After class discussion, tell the students that both pieces were created during World War II by the same artist at Heart Mountain, and that most or all the people represented are Japanese Americans who were sent there for several years by the American government.

Activity

Create a graphic organizer mind map on the board, or list what the class knows about World War II and the history of Japanese Americans in the United States. Using the background, chronology, and glossary from this lesson, clarify information and provide links between the facts.

Orient the class to place: On a large map, students locate Japan, Hawaii, and the continental United States. Point out the western states and Arkansas (internment camp sites), Los Angeles, and Heart Mountain, Wyoming.

Orient the class to time: Children, with teacher assistance, identify World War II years on a large classroom timeline.

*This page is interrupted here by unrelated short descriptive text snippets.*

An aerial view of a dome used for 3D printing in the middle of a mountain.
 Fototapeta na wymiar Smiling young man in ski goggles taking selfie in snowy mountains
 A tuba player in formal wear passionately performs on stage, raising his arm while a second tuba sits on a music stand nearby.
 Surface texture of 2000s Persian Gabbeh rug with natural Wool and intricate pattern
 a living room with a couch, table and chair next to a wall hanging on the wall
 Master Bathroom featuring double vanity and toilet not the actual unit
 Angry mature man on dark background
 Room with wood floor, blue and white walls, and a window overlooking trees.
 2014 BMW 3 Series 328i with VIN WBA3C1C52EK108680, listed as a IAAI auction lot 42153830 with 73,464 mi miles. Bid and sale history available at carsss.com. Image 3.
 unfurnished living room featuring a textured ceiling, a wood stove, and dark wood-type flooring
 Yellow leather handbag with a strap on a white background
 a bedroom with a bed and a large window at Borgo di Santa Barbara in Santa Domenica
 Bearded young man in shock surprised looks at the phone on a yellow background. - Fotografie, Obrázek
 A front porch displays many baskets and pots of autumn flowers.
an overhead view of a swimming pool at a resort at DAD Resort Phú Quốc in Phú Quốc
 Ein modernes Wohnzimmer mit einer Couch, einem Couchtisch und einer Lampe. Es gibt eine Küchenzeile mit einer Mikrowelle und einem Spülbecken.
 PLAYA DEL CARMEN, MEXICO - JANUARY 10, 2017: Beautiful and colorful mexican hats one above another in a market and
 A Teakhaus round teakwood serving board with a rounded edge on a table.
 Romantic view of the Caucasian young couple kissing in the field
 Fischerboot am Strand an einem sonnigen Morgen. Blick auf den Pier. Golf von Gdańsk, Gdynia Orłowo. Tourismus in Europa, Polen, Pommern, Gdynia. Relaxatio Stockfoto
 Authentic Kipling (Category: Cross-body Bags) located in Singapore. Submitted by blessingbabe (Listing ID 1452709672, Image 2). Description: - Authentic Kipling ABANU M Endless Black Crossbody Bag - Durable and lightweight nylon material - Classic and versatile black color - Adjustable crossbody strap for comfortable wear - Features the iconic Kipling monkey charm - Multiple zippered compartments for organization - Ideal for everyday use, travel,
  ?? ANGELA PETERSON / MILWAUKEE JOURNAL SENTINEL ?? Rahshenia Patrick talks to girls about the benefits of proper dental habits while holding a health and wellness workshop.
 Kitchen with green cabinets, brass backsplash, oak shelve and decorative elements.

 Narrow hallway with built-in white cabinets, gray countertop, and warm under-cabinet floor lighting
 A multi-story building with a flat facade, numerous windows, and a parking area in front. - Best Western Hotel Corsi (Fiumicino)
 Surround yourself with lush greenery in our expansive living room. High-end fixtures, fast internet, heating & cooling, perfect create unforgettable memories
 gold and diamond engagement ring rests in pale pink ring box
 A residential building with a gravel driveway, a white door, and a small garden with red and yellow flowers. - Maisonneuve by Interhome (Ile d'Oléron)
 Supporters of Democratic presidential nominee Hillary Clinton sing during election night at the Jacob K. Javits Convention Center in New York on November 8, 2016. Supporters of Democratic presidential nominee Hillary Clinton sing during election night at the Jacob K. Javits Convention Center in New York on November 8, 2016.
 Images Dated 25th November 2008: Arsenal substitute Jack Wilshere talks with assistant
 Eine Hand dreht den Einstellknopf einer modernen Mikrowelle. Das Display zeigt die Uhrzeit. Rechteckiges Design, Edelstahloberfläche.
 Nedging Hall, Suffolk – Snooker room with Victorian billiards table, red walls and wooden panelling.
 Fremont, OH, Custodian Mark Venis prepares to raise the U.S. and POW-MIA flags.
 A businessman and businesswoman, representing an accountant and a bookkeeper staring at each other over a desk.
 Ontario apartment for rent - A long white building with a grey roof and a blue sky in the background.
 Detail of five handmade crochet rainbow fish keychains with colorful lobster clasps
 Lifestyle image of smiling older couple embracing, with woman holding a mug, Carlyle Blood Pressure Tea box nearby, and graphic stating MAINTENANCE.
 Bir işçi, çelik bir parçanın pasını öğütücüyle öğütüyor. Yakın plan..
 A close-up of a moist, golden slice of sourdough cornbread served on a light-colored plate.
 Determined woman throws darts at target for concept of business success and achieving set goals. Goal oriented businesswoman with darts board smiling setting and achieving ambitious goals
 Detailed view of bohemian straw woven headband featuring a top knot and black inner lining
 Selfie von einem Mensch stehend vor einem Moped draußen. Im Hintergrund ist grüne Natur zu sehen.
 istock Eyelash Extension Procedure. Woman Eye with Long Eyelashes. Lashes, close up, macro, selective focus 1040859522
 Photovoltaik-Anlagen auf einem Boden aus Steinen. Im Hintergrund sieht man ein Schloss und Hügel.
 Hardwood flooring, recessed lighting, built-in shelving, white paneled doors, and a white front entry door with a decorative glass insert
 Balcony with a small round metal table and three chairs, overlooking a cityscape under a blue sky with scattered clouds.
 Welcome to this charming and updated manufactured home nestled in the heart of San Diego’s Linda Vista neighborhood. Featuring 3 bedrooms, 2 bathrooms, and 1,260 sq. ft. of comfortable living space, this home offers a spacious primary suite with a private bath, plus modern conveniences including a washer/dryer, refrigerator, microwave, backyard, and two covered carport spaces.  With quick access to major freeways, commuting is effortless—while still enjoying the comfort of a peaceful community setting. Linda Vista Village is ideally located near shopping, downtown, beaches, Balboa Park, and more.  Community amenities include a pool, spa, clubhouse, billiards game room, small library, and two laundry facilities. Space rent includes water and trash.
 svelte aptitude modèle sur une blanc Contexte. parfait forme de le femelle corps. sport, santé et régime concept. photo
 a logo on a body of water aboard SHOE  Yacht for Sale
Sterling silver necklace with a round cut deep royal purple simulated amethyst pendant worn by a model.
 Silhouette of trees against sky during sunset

Orient to magnitude: Compare the population of the students' town or city to 120,000, the number interned.

Activity

Each child will begin an individual timeline, recording events related to the internment of Japanese Americans, to include:

• 1939 —World War II begins.

• 1941 — United States enters the war, after Japan bombs Pearl Harbor.

• 1942 — Executive Order 9066 leads to the incarceration of 120,000 Japanese Americans.

Students fill in the outline frame, for use in the rest of the activities.

Students write a journal entry about what they perceive happening to individuals and families during war, focusing on how daily life changes.

DAY 2: MOVING

Materials

• Item 2. Heart Mountain, Wyoming

• Item 3. The Last of Heart Mountain

• Item 4. Exclusion Order for San Jose Japanese Internment,1942

Activity

Touch back to Day 1 by having students read their own or each other's journal entry. Did anyone mention moving or relocation of any kind?

Ask students to view the image that shows people leaving home for an assembly center.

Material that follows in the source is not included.